| Literature DB >> 25961420 |
V Sivaraman1, J M J Pickard1, D J Hausenloy1.
Abstract
For patients with ischaemic heart disease, remote ischaemic conditioning may offer an innovative, non-invasive and virtually cost-free therapy for protecting the myocardium against the detrimental effects of acute ischaemia-reperfusion injury, preserving cardiac function and improving clinical outcomes. The intriguing phenomenon of remote ischaemic conditioning was first discovered over 20 years ago, when it was shown that the heart could be rendered resistant to acute ischaemia-reperfusion injury by applying one or more cycles of brief ischaemia and reperfusion to an organ or tissue away from the heart - initially termed 'cardioprotection at a distance'. Subsequent pre-clinical and then clinical studies made the important discovery that remote ischaemic conditioning could be elicited non-invasively, by inducing brief ischaemia and reperfusion to the upper or lower limb using a cuff. The actual mechanism underlying remote ischaemic conditioning cardioprotection remains unclear, although a neuro-hormonal pathway has been implicated. Since its initial discovery in 1993, the first proof-of-concept clinical studies of remote ischaemic conditioning followed in 2006, and now multicentre clinical outcome studies are underway.

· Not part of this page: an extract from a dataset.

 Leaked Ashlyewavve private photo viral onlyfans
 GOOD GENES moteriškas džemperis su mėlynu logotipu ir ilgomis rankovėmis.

In this review article, we explore the potential mechanisms underlying this academic curiosity, and assess the success of its application in the clinical setting.Entities:
Mesh:
Year: 2015 PMID: 25961420 PMCID: PMC4737100 DOI: 10.1111/anae.12973
Source DB: PubMed Journal: Anaesthesia ISSN: 0003-2409 Impact factor: 6.955
Figure 1Hypothetical model highlighting potential mechanistic pathways underlying remote ischaemic conditioning. It has been proposed that brief non‐lethal periods of ischaemia‐reperfusion applied to the upper or lower limb, using serial inflation/deflations of a cuff, causes the release of local autocoids (such as adenosine, bradykinin, opioids) which then activate sensory afferent neurones in the upper or lower limb that in turn relay the cardioprotective signal to the dorsal motor vagal nucleus (DMVN) in the brainstem. At this point, it is not clear how the cardioprotective signal reaches the heart or other organs. Several hypotheses have been suggested. (1) Activation of nuclei within the DMVN results in increased vagal nerve firing to the heart, which via the release of acetylcholine (Ach), and subsequent activation of muscarinic Ach receptors, induces the cardioprotective phenotype. (2) It is largely agreed that a blood‐borne dialysable cardioprotective factor is released into the systemic circulation, from where it conveys the cardioprotective effect to the heart and other organs. However, the actual source of the blood‐borne cardioprotective factor is not clear, although possibilities include: (i) the conditioned limb itself; (ii) the central nervous system, possibly the brainstem; (iii) pre‐/postganglionic parasympathetic nerve endings within the heart; or (iv) a non‐conditioned remote organ/tissue.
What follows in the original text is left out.